Admittedly, Atrenta has a vested interest in the seminar: they are promoting a formal verification tool that inspects clock crossings. But the sponsors kindly confined product discussion to a module at the end of the event, and let their own area expert, product director Shaker Sarwary, and a real customer, Broadcom principal design engineer Surya Hotha, discuss the issues.
Hotha’s brief presentation nicely underlined the importance of clock-domain crossings (CDCs) to a design manager. He said "We have found CDCs to be a major cause of respins. They are very hard to isolate systematically, or even to detect by manual inspection. For example, a recent design had 5 million gates and more than 30 clock domains. At that scale manual inspection becomes impractical."

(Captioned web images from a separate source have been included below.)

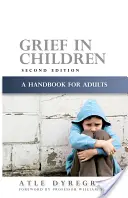 Żałoba u dzieci: Podręcznik dla dorosłych, wydanie drugie - Grief in Children: A Handbook for Adults Second Edition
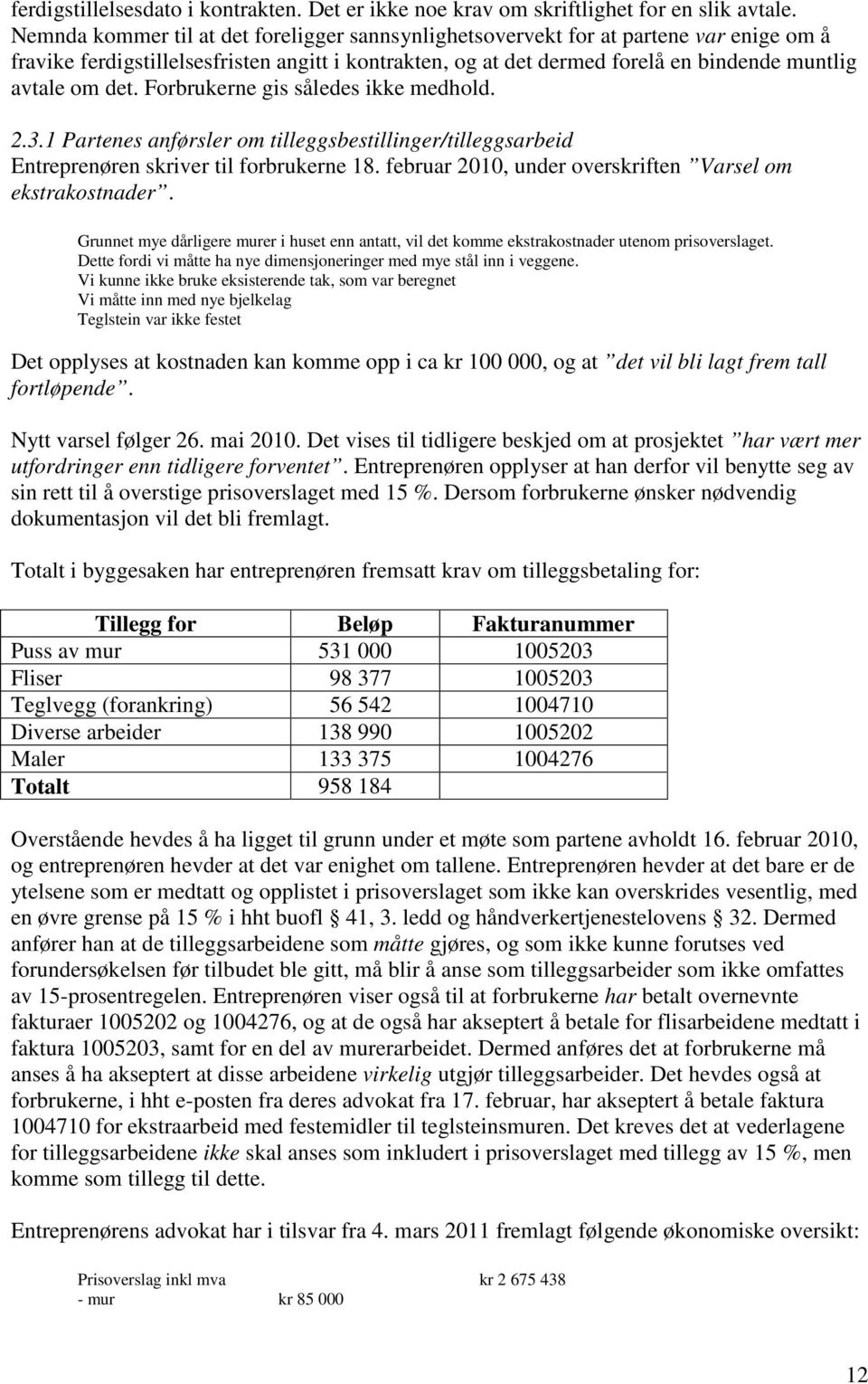 Forbrukerne gis således ikke medhold. 2.3.1 Partenes anførsler om tilleggsbestillinger/tilleggsarbeid Entreprenøren skriver til forbrukerne 18.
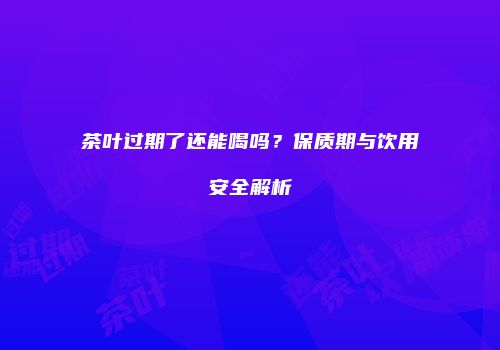 茶叶过期了还能喝吗？保质期与饮用安全解析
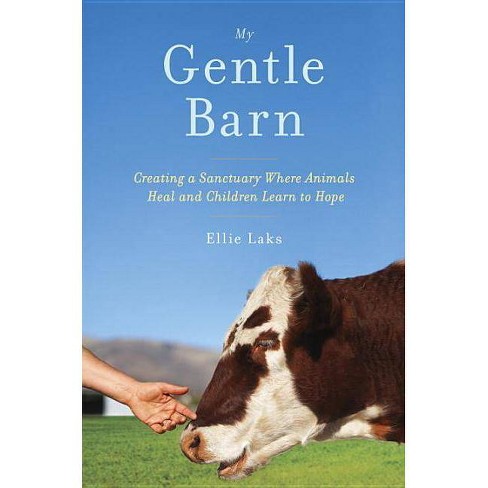 My Gentle Barn By Ellie Laks Hardcover Target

Sarwary talked in more detail about the problem with CDCs. As a generalization, the problem occurs when a signal flows from one clock domain into another, and you cannot guarantee the phase relationship between the two clocks. If you don’t know the phase relationship you cannot guarantee that the arriving signal will satisfy the set-up and hold requirements of the first register it encounters in the other domain. This causes two quite different sorts of problems, according to Sarwary.

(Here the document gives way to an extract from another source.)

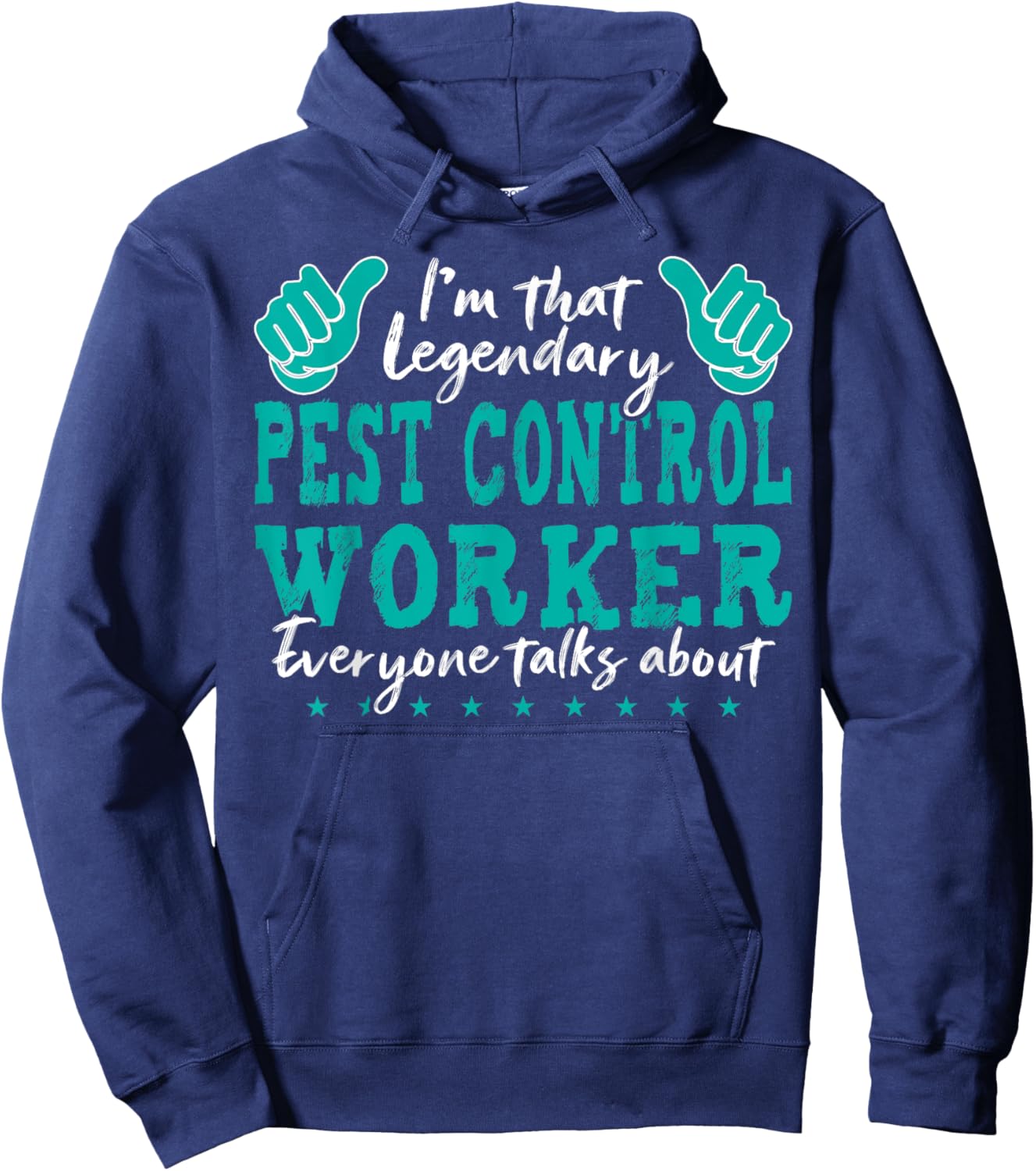 Funny Profession Quote Legendary Pest Control Worker Hoodie - Hoodie | Navy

First and most obviously, it raises the potential for metastability. If you have a timing violation on a particular clock cycle, the data at the register input could be in between logic levels when the clock edge hits the register. The result could be a zero, a one, or a damped oscillation that could settle to either value, but usually, Sarwary said, to zero. Only SPICE could predict for a given net loading, a given driver, given clock edge, and exact timing, what the register will actually do. So in short, you may or may not end up with the same thing latched into the register that you applied to the input, on that one particular cycle where the two clocks were in just the wrong relationship.
This is true even though the delay between the last register in one domain and the first register in the next domain is less than the period of either clock. So neither static timing analysis nor functional simulation is going to catch the problem. And the exact relationship between clocks that permits metastability might only occur once every few billion cycles, on the average, so the problem could also escape silicon characterization, wafer sort, and final test. This creates the worst-case situation of a design error that first appears as a field reliability problem.

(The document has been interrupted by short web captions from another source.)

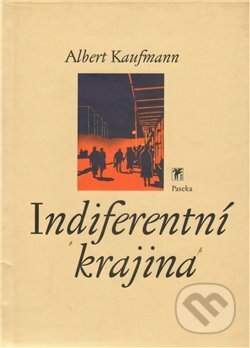 Kniha: Indiferentní krajina (Albert Kaufman). Paseka, 2011 Kniha: Indiferentní krajina (Albert Kaufman). Paseka, 2011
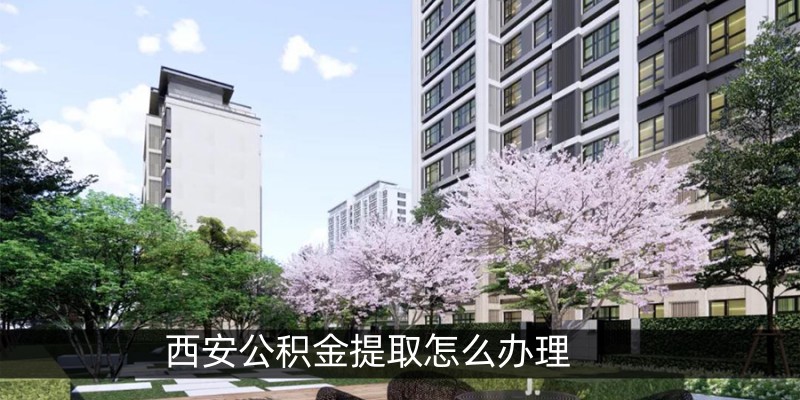 西安公积金提取怎么办理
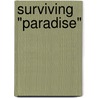 Surviving "Paradise" by Ms Susan Willoch Shaver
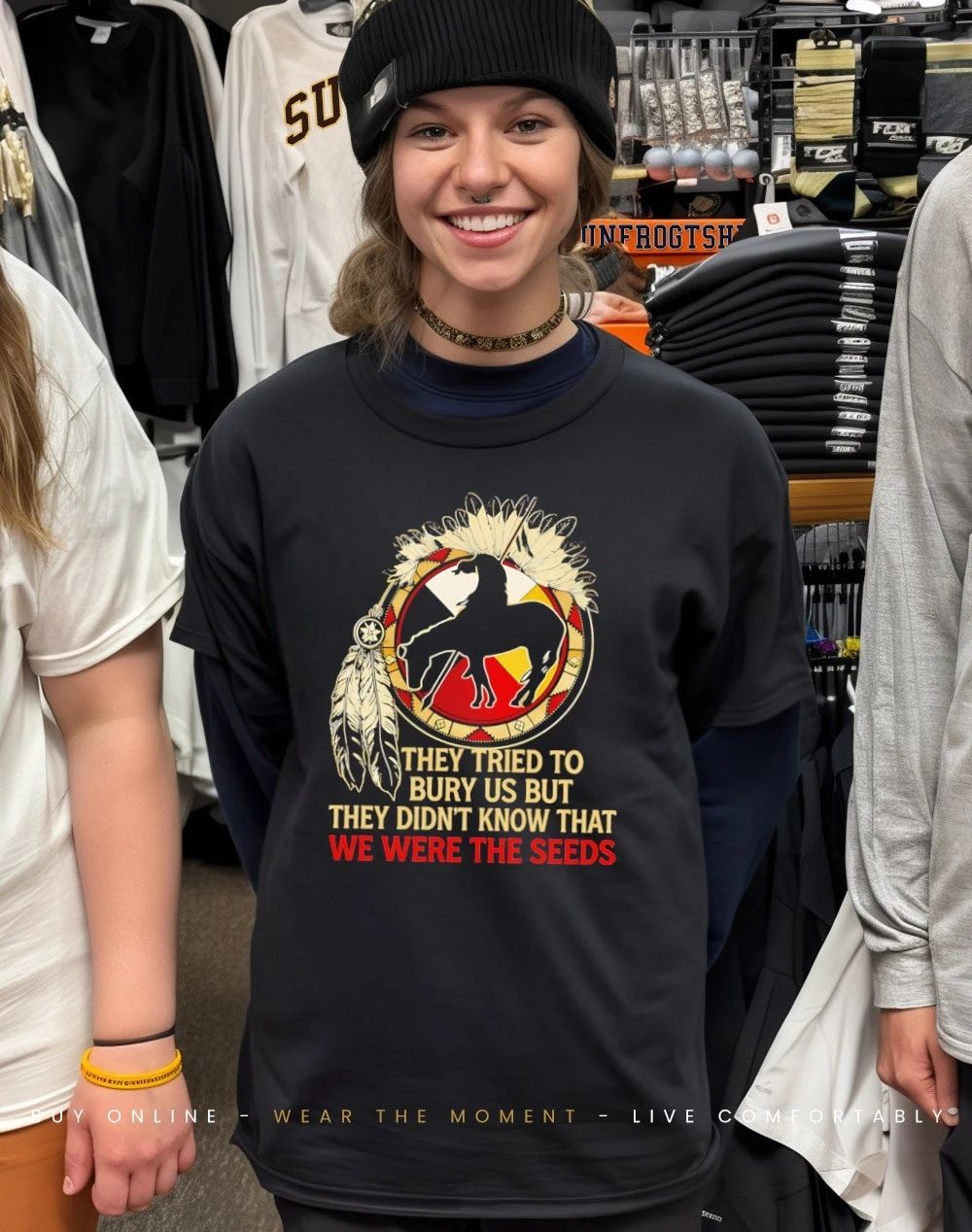 Native American tribes they tried to bury us they didn’t know we were seeds shirt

Sarwary described a number of strategies to attack the problem. You can use two flipflops in series, both running on the clock of the receiving domain. This prevents the metastability from being propagated beyond the initial flop, but it does not guarantee that the either flipflop has the correct value in it. To ensure that the second flipflop ends up with the correct data, you have to stretch the data pulse coming into the block so that it lasts longer then one receiving-block clock cycle.
But that doesn’t solve the problem if we are talking about a parallel set of signals rather than an isolated signal. Unless the parallel word is Gray-coded correctly (and Sarwary demonstrated one really elegant way to screw up Gray Code), the uncertainty in when the receiving register will settle to the correct value for each bit could cause wrong data to be received. Sarwary went on to describe increasingly ambitious schemes for resolving the problem, including handshaking interfaces across the clock domain boundary and use of FIFOs in conjunction with these techniques.
The second problem Sarwary covered is more insidious. Because most synthesis, power-optimization, and test-insertion tools assume that the circuit is entirely synchronous, sometimes these tools will create structures that permit transients to exist between clock pulses. Some optimizing synthesis tools will create structures that have race conditions, for example, as long as the races are resolved before the next clock edge. But if one of these structures lies between the last register in one clock domain and the first register in the next domain, it is possible for these transients to be latched on the other side of the CDC, creating an error. In addition, some optimization tools will carefully remove anti-metastability provisions that the designer has put in, since they do not appear to contribute to the function of the circuit. For this reason, Sarwary said and Hotha agreed, it is necessary to inspect the design for CDC problems not only at RTL, but at the post-tinkering netlist level as well.
All in all, the message was that CDC errors are potential chip-killers, are easy to create—even automatically courtesy of well-meaning design tools—and are marvelously hard to detect. Whether your methodology uses formal tools to inspect CDCs, or whether you have in place a review process that requires specific structures on each CDC, clearly you have to do something about the issue.